**About this task**
Range to repeat from the listing below: the line containing "Mantra Aqueous On Port - Sydney Tourism 9" down to the line containing "गैस माफियाओं की", both included. Copy it exactly, pictures excluded, and add nothing else.
──────
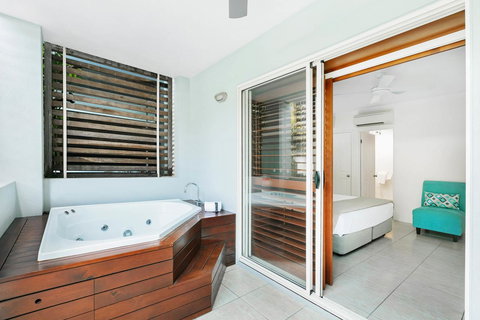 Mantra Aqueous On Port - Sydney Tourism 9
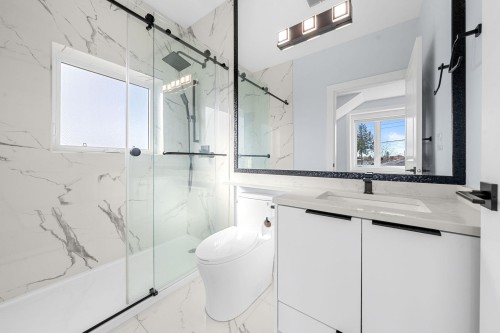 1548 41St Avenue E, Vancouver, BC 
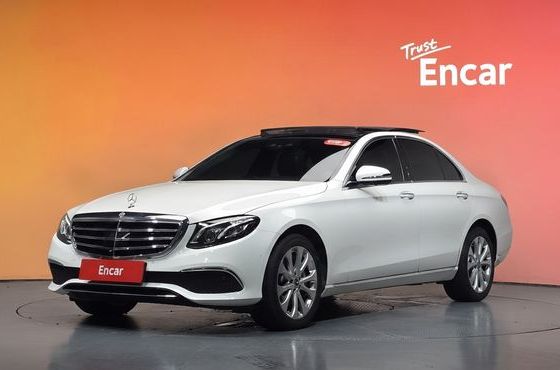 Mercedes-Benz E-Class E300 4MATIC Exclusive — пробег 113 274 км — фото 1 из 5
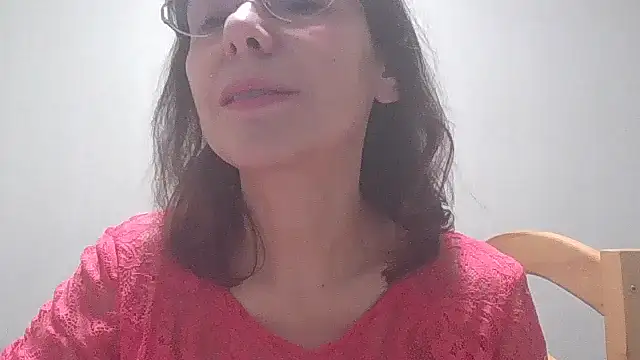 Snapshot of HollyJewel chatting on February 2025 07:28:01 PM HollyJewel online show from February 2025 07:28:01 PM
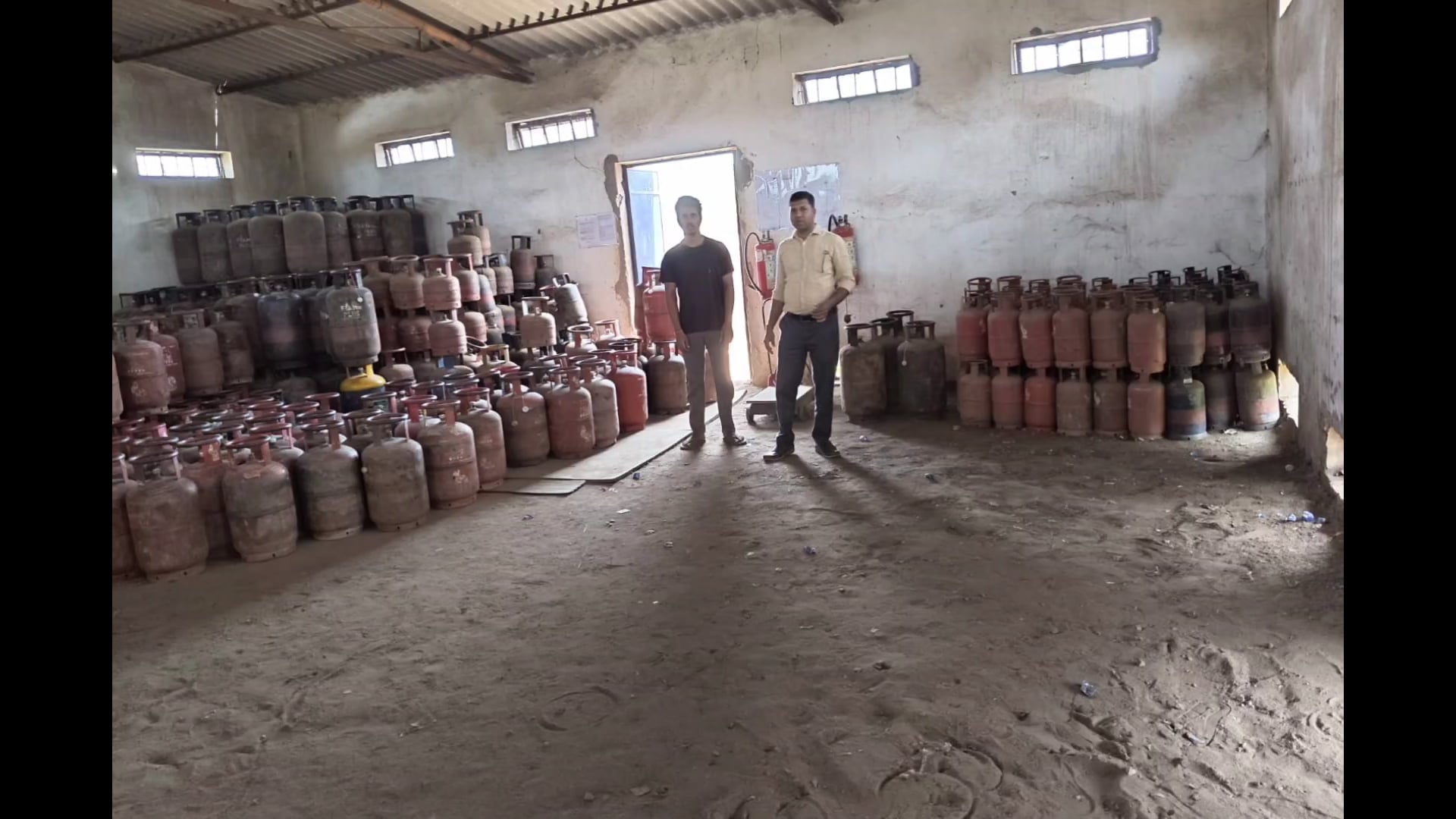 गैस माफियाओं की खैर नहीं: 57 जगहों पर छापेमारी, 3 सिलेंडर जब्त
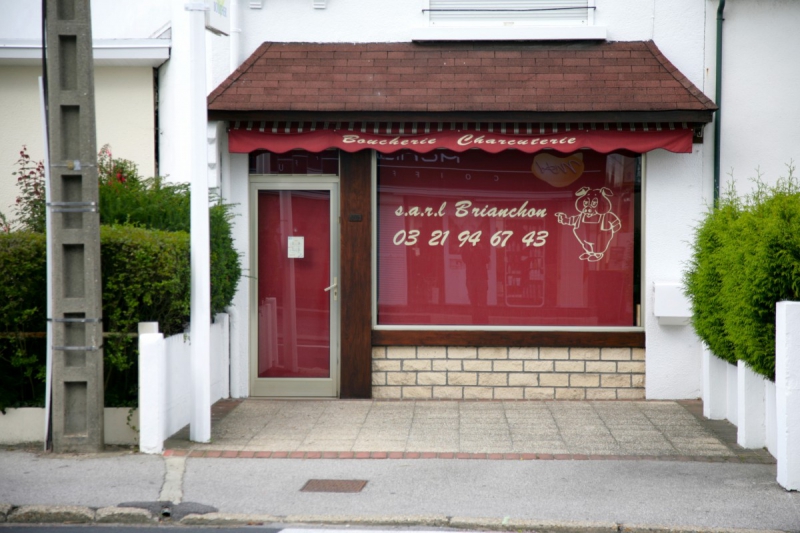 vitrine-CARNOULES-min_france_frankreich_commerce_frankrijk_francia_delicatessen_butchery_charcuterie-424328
──────
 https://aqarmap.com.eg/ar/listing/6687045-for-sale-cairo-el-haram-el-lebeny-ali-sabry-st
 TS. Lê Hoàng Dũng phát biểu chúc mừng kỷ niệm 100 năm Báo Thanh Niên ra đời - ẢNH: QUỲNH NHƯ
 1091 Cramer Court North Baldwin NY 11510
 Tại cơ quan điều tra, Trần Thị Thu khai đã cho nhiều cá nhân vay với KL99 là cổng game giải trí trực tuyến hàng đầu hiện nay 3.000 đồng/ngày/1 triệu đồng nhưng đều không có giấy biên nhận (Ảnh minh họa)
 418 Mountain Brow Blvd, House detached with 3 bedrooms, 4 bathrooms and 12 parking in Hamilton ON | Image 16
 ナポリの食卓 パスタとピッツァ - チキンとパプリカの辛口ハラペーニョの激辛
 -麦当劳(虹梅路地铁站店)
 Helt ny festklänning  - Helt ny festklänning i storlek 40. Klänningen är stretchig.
──────
**Output for this exercise**
 Mantra Aqueous On Port - Sydney Tourism 9
 1548 41St Avenue E, Vancouver, BC 
 Mercedes-Benz E-Class E300 4MATIC Exclusive — пробег 113 274 км — фото 1 из 5
 Snapshot of HollyJewel chatting on February 2025 07:28:01 PM HollyJewel online show from February 2025 07:28:01 PM
 गैस माफियाओं की खैर नहीं: 57 जगहों पर छापेमारी, 3 सिलेंडर जब्त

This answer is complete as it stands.